**What you are asked to do:** Only the lines from the one containing "For the G₂ root" through the end of the data below are to be repeated, exactly as given, without pictures.

**Exercise data:**
————

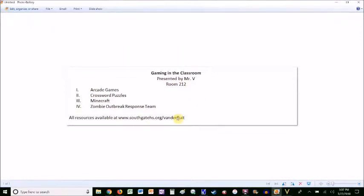Hi, my name is Abram Vanderflute, and my presentation is called Gaming in the Classroom. I'm going to share four things with you: the arcade games, crossword puzzles, Minecraft, and the zombie outbreak response team. All of these resources are available at the class website, www.southgatehs.org/Vanderflute. And let's head over there right now.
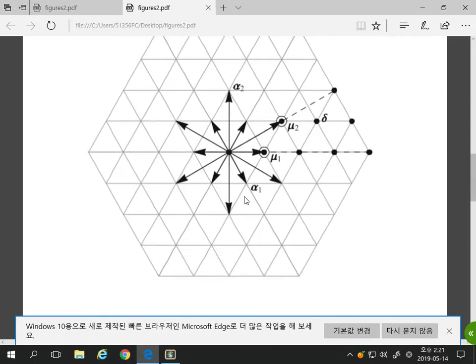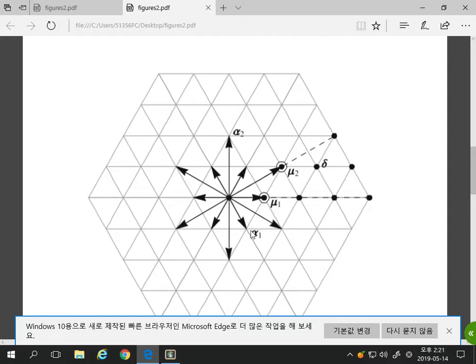For the G₂ root system: similarly α₁, α₂ form the base, μ₁ and μ₂ are the fundamental weights. There are 6 positive roots. Sum them all and divide by 2 to get δ. Again δ = μ₁ + μ₂. In both diagrams the dominant region is the cone between the two rays through μ₁ and μ₂, and the dominant integral elements are the non-negative integer combinations of μ₁ and μ₂ shown as dots.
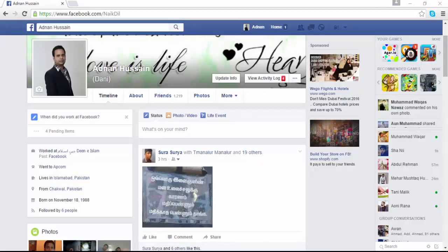Hello Friends! Welcome to Love is Life, a world of information. In this video tutorial, I am going to teach you how to remove a tab on your Facebook fan page.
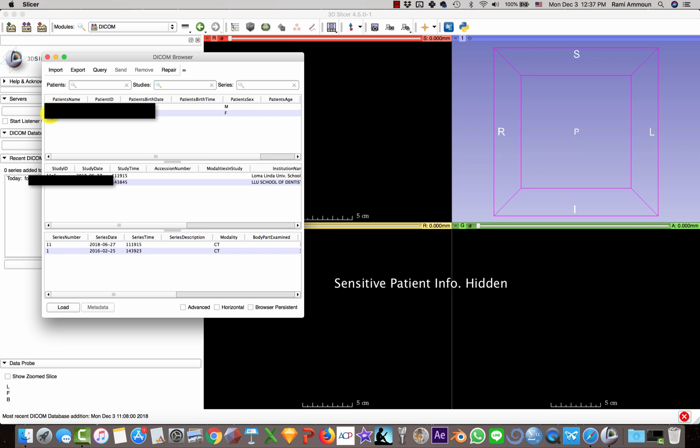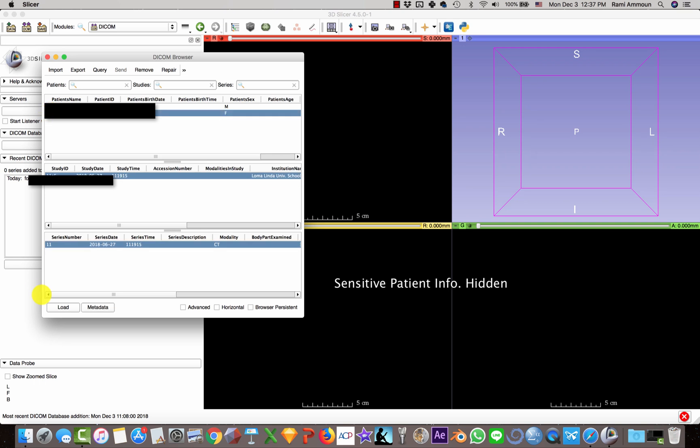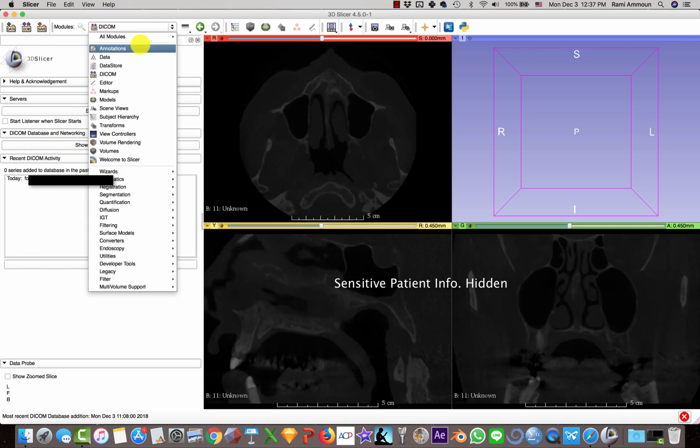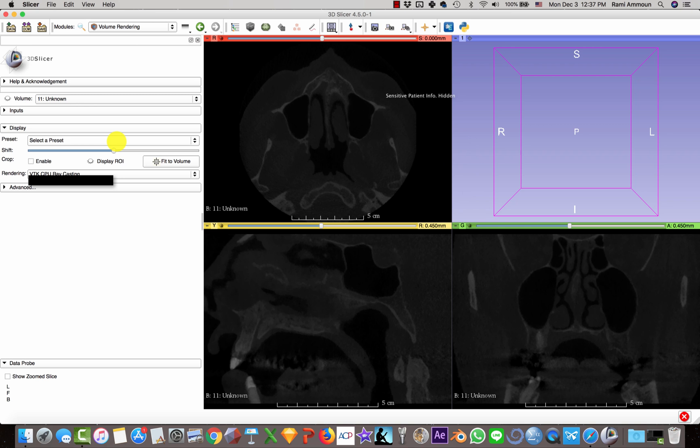Select the patient, click Load, then you're going to go to Volume Rendering, select the GPU ray casting, and enable the region of interest.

————

**Response to the exercise:**
For the G₂ root system: similarly α₁, α₂ form the base, μ₁ and μ₂ are the fundamental weights. There are 6 positive roots. Sum them all and divide by 2 to get δ. Again δ = μ₁ + μ₂. In both diagrams the dominant region is the cone between the two rays through μ₁ and μ₂, and the dominant integral elements are the non-negative integer combinations of μ₁ and μ₂ shown as dots.
Hello Friends! Welcome to Love is Life, a world of information. In this video tutorial, I am going to teach you how to remove a tab on your Facebook fan page.
Select the patient, click Load, then you're going to go to Volume Rendering, select the GPU ray casting, and enable the region of interest.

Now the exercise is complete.